The subprime auto ABS pipeline cleared $431 million of notes offered by CarFinance and American Credit Acceptance (ACA).
American Credit Acceptance, with more seasoned loans and longer operating history than CarFinance, achieved better pricing on its senior notes.
ACA priced its third subprime auto loan securitization of the year. The deal’s $200 million senior tranche, rated AA’ by Standard & Poor's and structured with a weighted average life of .85 years, priced at 70 basis points over the Eurodollar synthetic forward, with a yield of 1%.
The loans in the collateral pool have a weighted average FICO score of 539 and 51.16% of the loans have an original term of 61-72 months.
ACART 2014-3 is ACA’s ninth asset-backed transaction. The subprime auto finance company, headquartered in Spartanburg, S.C., was established in 2007. The company's quarterly static pool data includes over six years of performance for its loans. Based on the company’s unaudited financial statements, it had $1.3 billion in assets and $122 million in equity as of May 31, 2014.

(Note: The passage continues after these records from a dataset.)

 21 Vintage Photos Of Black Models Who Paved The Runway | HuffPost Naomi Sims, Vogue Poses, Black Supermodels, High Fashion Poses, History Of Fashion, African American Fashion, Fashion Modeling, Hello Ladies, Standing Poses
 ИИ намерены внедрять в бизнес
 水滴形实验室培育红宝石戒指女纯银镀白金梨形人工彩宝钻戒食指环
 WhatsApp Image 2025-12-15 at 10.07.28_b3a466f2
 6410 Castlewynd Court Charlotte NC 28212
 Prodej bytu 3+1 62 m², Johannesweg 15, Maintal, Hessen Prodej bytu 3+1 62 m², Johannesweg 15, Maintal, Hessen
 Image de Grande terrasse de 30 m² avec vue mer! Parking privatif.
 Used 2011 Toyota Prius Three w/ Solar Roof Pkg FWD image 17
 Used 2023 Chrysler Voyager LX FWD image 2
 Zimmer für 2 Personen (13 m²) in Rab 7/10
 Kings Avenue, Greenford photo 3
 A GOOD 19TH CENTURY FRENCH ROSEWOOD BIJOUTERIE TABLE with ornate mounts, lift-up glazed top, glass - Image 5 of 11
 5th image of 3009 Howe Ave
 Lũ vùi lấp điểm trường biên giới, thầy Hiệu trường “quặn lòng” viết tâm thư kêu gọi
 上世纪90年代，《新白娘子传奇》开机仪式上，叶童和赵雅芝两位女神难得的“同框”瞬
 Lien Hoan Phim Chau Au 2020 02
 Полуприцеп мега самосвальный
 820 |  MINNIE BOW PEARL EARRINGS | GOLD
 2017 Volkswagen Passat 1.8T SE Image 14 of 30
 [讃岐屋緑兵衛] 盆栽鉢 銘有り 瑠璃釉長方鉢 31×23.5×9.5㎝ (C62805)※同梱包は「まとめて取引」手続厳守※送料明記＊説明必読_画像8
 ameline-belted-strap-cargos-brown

The underwriters for ACA's deal are Wells Fargo and Deutsche Bank.
By contrast, CarFinance priced the $231 million CFCAT 2014-2 subprime auto ABS with the a 1.6-year, class A yielding 1.45%. The notes priced at a spread of 90 basis points over EDSF. Kroll Bond Ratings expects to rate the senior tranche AA-.'
The deal is backed by a pool of direct and indirect auto loans — 7,782 loans totaling approximately $155 million, as of June 30.
Compared to ACA, CarFinance is a relative newcomer to the subprime lending space. The lender has only been originating loans since May 2011 and the loans have only 37 months of performance data. However, KBRA said in a presale report that the lack of history is mitigated by CarFinance’s management team’s long history of originating and servicing subprime auto loans both at Triad Financial and at Fireside Bank.
The 2014-2 transaction represents CarFinance’s fifth securitization overall, according to the presale report. Compared to the issuer’s prior transaction, the 2014-2 deal is backed by a higher amount of loans originated under its direct program. These loans tend to have lower coupons and higher loan-to-value assessments than indirect loans underwritten by CarFinance.
The deals bring the year to date auto loan issuance volume to $42 billion, with subprime loans accounting for $12 billion.